Katalonien wurde laut Wirtschaftsminister zu einer Last

Die Katalonien-Krise hat Spanien nach Einschätzung von Wirtschaftsminister Luis de Guindos bislang etwa eine Milliarde Euro gekostet. Angesichts des Streits um die Unabhängigkeit der Region habe sich das Wirtschaftswachstum dort im letzten Quartal 2017 verlangsamt, sagte Guindos am Montag dem Radiosender Cadena Ser.

Gründe für das verlangsamte Wachstum seien enorme Unsicherheit, Besorgnis und ein Vertrauensverlust, die die inzwischen durch Madrid abgesetzte katalanische Regionalregierung mit ihren Unabhängigkeitsbestrebungen ausgelöst hätten, sagte Guindos. Von einem Motor des Aufschwungs in Spanien habe sich Katalonien "zu einer Last" entwickelt.

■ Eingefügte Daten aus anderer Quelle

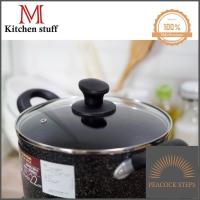 ราคา STUFF หม้อสองหูทรงสูง เคลือบหินอ่อนขนาด 22 cm No 7086 ลดราคา Peacock Steps (8628925671)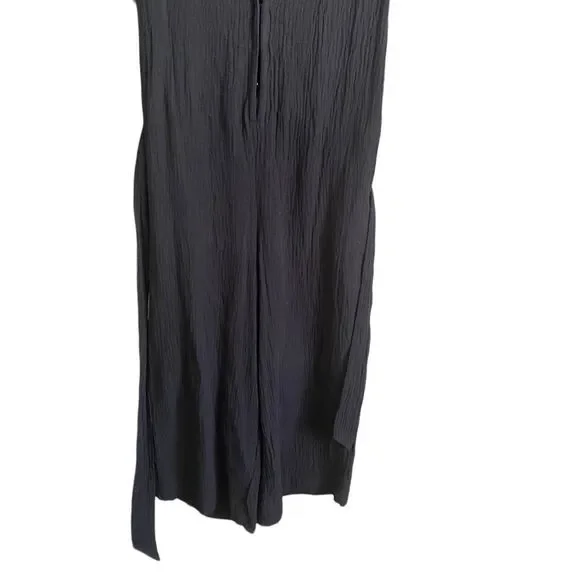 Black Cotton Wide Leg Jumper Jumpsuit Size Medium - Picture 8 of 9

Wegen der Unsicherheit über die Zukunft Kataloniens haben bereits mehr als 3100 Firmen ihren Hauptsitz aus der wohlhabenden Region im Nordosten Spaniens abgezogen. Die Region erwirtschaftet traditionell rund ein Fünftel des spanischen Bruttoinlandsprodukts.

Bei einem von Madrid verbotenen Unabhängigkeitsreferendum in Katalonien hatten am 1. Oktober 90 Prozent der Teilnehmer für die Unabhängigkeit der Region von Spanien gestimmt. Allerdings nahmen nur 43 Prozent der Wahlberechtigten an dem vom spanischen Verfassungsgericht für illegal erklärten Referendum teil.

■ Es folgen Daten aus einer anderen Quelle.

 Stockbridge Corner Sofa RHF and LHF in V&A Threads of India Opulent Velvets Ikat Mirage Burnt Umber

Die Katalonien-Krise ist eine der schwersten politischen Krisen des Landes seit Jahrzehnten. Nach dem Referendum hatte das katalanische Parlament am 27. Oktober die Unabhängigkeit ausgerufen, daraufhin hatte die Zentralregierung die direkte Kontrolle über Katalonien übernommen und die von Carles Puigdemont geführte Regionalregierung des Amtes enthoben.

Bei einer auf Weisung Madrids vorgezogenen Neuwahl am 21. Dezember erlangten die Unabhängigkeitsbefürworter erneut die absolute Mehrheit im Parlament. Der abgesetzte Regionalpräsident Puigdemont fordert die Wiedereinsetzung seiner Regierung und "politische Verhandlungen" mit dem spanischen Regierungschef Mariano Rajoy.